コードインスペクションとは何か?実施方法とメリット、デメリットを解説

コードインスペクションとは

コードインスペクションとは、ソフトウェア開発におけるレビュー手法の1つで、ソースコードをチェックして不具合や問題点がないかを確認する作業のことです。
ソフトウェアのテストは動的テスト・静的テストの2つに分類され、コードインスペクションは静的テストに該当します。

コーディングが済んだプログラムのソースコードを実行せずに規定通りに書かれているか第三者が確認します。
開発初期のエラーを検出して修正することで、後の段階におけるエラーの検出を回避することができます。

コードインスペクションの実施方法

コードインスペクションは、次の5つのステップで実施されます。

コードインスペクションを実施するチームメンバーを任命する

コードインスペクションに必要なメンバーを集めます。
役割は次のとおりです。

  • 開発者(Author):最初にコードを開発した人物です。
  • モデレーター(Moderator):コードインスペクションを進行します。
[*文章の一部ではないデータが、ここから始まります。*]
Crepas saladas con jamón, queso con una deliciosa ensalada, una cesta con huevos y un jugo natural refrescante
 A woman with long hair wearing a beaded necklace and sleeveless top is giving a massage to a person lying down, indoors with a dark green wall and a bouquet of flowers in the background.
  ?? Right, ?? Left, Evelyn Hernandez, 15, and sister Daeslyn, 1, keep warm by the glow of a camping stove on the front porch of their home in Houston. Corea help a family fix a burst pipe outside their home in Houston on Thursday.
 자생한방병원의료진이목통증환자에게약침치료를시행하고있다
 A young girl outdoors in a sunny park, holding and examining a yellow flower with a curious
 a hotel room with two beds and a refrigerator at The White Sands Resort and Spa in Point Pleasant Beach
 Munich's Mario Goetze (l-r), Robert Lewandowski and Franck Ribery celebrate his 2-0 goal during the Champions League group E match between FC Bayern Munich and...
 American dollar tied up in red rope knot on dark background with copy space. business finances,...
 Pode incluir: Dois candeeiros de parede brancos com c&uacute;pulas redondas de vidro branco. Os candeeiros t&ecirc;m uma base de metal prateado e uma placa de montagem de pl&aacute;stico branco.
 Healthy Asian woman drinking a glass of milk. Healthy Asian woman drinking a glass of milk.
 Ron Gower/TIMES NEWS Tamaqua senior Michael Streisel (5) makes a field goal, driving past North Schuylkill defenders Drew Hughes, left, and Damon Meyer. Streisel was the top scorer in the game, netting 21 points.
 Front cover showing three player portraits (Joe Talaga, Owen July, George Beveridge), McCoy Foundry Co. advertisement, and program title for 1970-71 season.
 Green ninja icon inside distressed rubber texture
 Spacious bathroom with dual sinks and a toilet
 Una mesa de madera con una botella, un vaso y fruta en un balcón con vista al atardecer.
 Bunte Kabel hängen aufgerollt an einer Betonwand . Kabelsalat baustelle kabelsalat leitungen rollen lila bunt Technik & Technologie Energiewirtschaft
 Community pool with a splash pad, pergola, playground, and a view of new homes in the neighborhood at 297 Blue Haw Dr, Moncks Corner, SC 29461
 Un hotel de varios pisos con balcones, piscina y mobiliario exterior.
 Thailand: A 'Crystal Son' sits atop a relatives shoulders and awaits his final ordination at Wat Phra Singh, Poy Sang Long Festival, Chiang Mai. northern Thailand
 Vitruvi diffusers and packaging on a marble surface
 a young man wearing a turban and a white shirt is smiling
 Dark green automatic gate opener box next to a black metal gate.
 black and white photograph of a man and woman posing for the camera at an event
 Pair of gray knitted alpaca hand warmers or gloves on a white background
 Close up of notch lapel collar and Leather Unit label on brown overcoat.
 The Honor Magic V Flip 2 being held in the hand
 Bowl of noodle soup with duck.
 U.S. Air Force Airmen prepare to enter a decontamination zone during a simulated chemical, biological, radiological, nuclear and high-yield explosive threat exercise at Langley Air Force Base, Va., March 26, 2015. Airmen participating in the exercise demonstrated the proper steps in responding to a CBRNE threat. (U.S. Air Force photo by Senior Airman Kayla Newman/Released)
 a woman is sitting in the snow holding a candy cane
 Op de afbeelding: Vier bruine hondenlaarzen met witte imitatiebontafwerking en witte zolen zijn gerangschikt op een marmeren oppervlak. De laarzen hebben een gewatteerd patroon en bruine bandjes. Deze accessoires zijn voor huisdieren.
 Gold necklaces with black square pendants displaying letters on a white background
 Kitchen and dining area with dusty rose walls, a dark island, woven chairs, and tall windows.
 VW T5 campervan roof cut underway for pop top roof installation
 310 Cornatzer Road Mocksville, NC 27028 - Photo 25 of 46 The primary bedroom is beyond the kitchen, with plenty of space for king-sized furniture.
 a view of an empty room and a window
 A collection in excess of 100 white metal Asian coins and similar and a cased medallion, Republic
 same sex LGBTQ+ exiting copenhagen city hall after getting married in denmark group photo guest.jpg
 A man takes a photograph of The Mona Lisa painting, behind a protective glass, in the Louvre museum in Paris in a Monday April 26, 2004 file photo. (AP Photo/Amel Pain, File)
開発者とは別の人物がなります。
  • リーダー(Reader):コードを読み上げます。これによりチームメンバーがエラーを識別できるようになります。
  • レコーダー(Recorder):コードインスペクションの手順と、チームが指摘した欠陥をレポートにまとめます。

ソフトウェアアプリケーションの目的を説明する

インスペクションを開始するにあたり、最初にキックオフミーティングを開催します。
開発者はチームメンバーに対してソフトウェア開発プロジェクトの目的を説明します。
これによってチームメンバーは開発者が何を達成しようとしていたかを理解できます。
モデレーターはインスペクションの対象となるソース成果物と文書や評価方針、チェックリストなどをチームメンバーに配布します。
チームメンバーは次回のミーティングまでに各自で対象成果物を査読します。

コードインスペクションのチェックリストの項目をすべて実施する

ミーティングではモデレーターが作成したステップに従って実際にコードインスペクションを実施します。
リーダーは、チームメンバーがコードを評価できるようコードを詳細に読み上げます。
レコーダーは、チームが見つけたエラーを文書に記録し、後で参照できるようにします。
チームはチェックリストを使用して進捗状況を確認し、コードインスペクションの結果を提供します。
開発者がチームメンバーからの指摘を採用すれば欠陥として認定されます。

インスペクションの結果から得られたフィードバックを適用する

開発者は結果レポートを参照して、チームメンバーが提案した指示に従ってエラーが発生した場所のソースコードを修正する方法を判断します。
インスペクションチームは、開発者がソースコードを修正する期限を設定することも可能です。
期限を設けることでプロジェクトを迅速に完了させ、クライアントの納期に間に合わせます。

フォローアップミーティングを開催して修正を確認する

モデレーターは、開発者がコードに加えた修正を分析する会議を開催します。
会議では開発者の作業を検査報告書が義務付けた指示と比較します。
修正されたコードが問題ないと認められた場合、インスペクションチームは開発者が検証を適切に完了したことを宣言します。

コードインスペクションを実施するメリット

ソフトウェアプログラムを開発する際にコードインスペクションを実行するメリットには次のようなものがあります。

  • 製品の品質を高められます。
  • コードを声に出してレビューすることで問題を効果的に特定できます。
  • 開発段階での問題解決が可能になるため、リリース後に更新を提供する時間とリソースを節約できます。
  • 今後生じる可能性のあるエラーを防ぐことができます。

コードインスペクションを実施するデメリット

コードインスペクションには次のようなデメリットもあります。

  • 開発者以外の人材リソースが必要です。
  • コードを完全に確認するにはさらに時間がかかる場合があります。コードインスペクションにかかる時間はプログラムの複雑さやインスペクションチームの生産性などによって異なります。
  • レポートの結果が予想よりも広範囲にわたる場合、コードの開発者はインスペクションチームからのフィードバックに抵抗する可能性があります。